Welcome back to everyone who’s been following along on our progress during Tour de SOL. It’s been another event-filled week. We’ve shipped several fixes to issues identified over the past few days, while some issues remain outstanding as we expect them to take longer to fix.
PROGRESS ON CRITICAL BUGS
Certus Ones’ DoS Attack
For the first several days last week, we kept the network offline as we attempted to quickly fix the bug highlighted by Certus One’s successful DoS attack, however after working on it for several days we concluded that the fix would require some additional time and effort to be resolved. Therefore we decided to bring the network back up first:
- As we had several other fixes for other issues ready to be implemented
- Allow us to continue identifying more bugs
- With an agreement together with the Validator community that the DoS attack would be off-limits until advised otherwise
Other High-Priority Stability Issues
Outside of the attack mentioned above, we still have several other issues which we’ll be focusing on for the coming weeks:
- Snapshots loading very slowly: Snapshots are taking over 1000 slots to unpack and process across both TdS and SLP due to the large number of account files in them. Thereby slowing down Validators from being able to quickly boot and restart
- Validators can accidentally fetch snapshots from delinquent Validators: When a validator comes up and looks for a snapshot over RPC, it can easily pick a delinquent validator and thus get a very old snapshot.

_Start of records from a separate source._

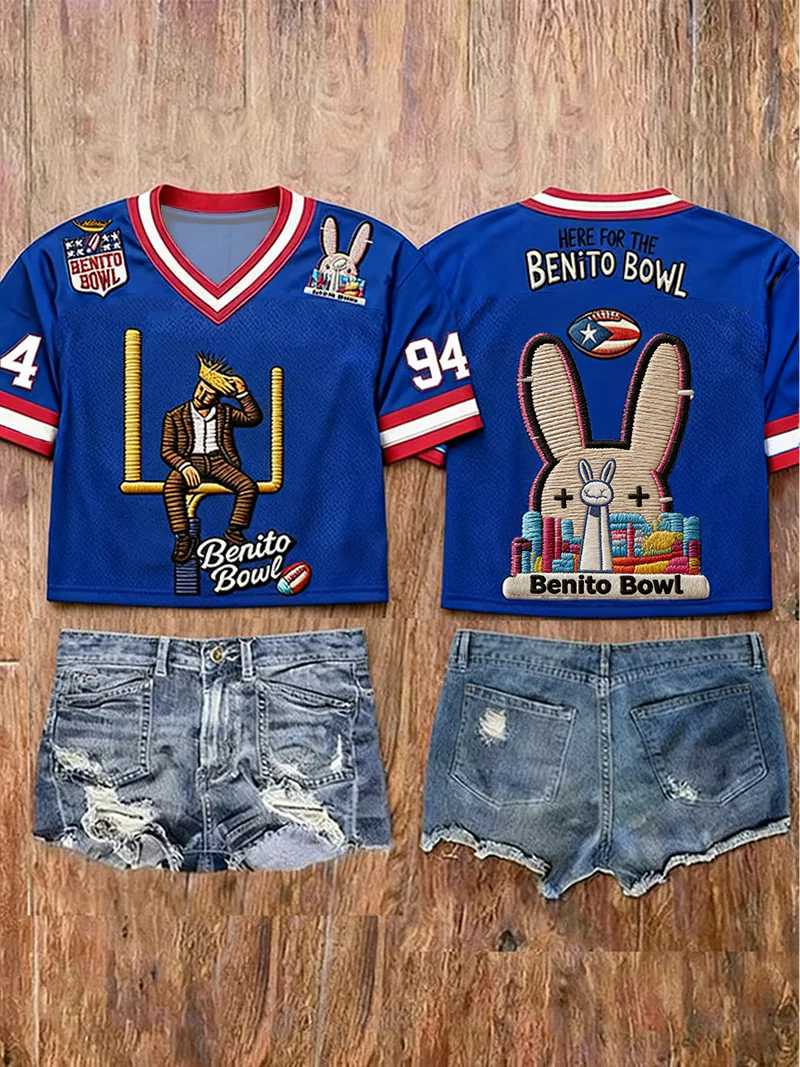 Bad Bunny Super Bowl Merch 2026 Here For The Benito Bowl Jersey Game Day Shirt Gifts For Sister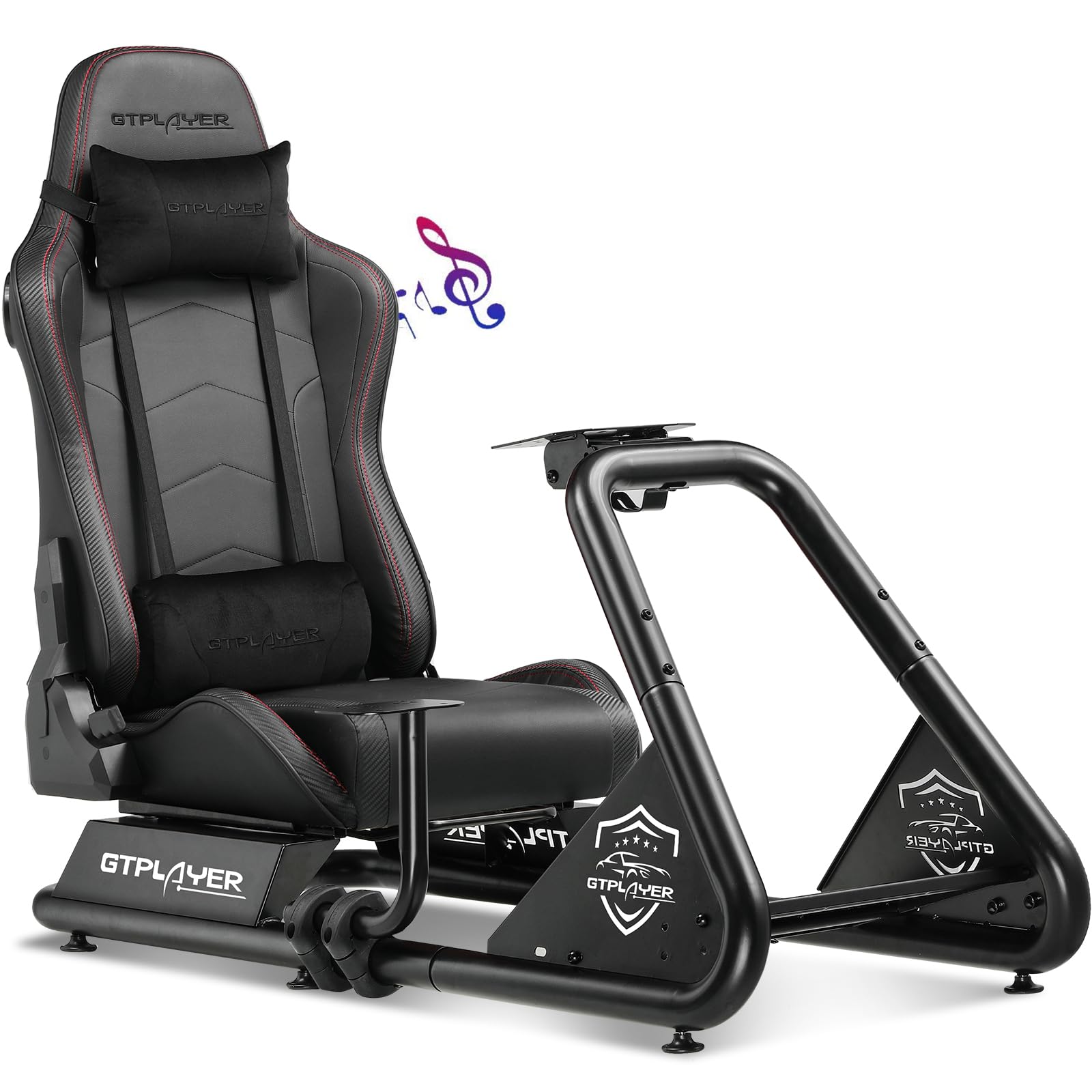 GTPLAYER Racing Simulator Cockpit with Seat & Bluetooth Speakers - Adjustable Reclining Racing Chair, Heavy-Duty Alloy Steel Frame (Black) - Perfect for PC/PS4/PS5/Xbox Racing Games & Home Entertainment Setup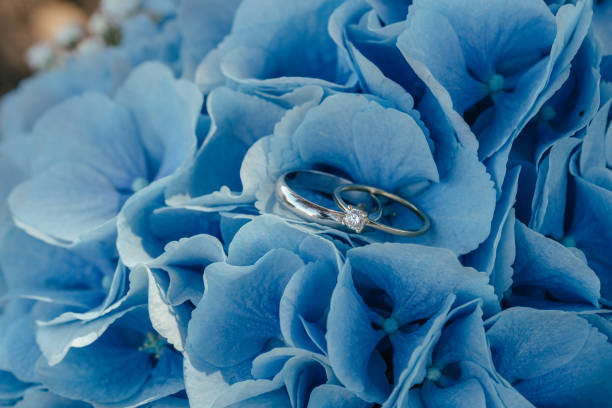 Wedding rings photographed with a macro lens close up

- Intermittent Consensus Issue
The cluster was restarted on the 12th of February with version v0.23.4, capturing fixes in the following areas:
- Gossip Network
We successfully upgraded the cluster with the new version the following day, and our bootstrap Validator node finally managed to distribute its stake to the rest of the cluster such that it represented less than 33% of the active stake.
We followed up with another version on the 14th of February with another update to rectify a long-standing out-of-memory issue that was affecting some Validators
As of today, the network is still down due to the issue mentioned above where Validators accidentally fetch snapshots from delinquent nodes. Until this is resolved we won’t be restarting the network just yet as it’ll likely cause the network to crash again after a few days.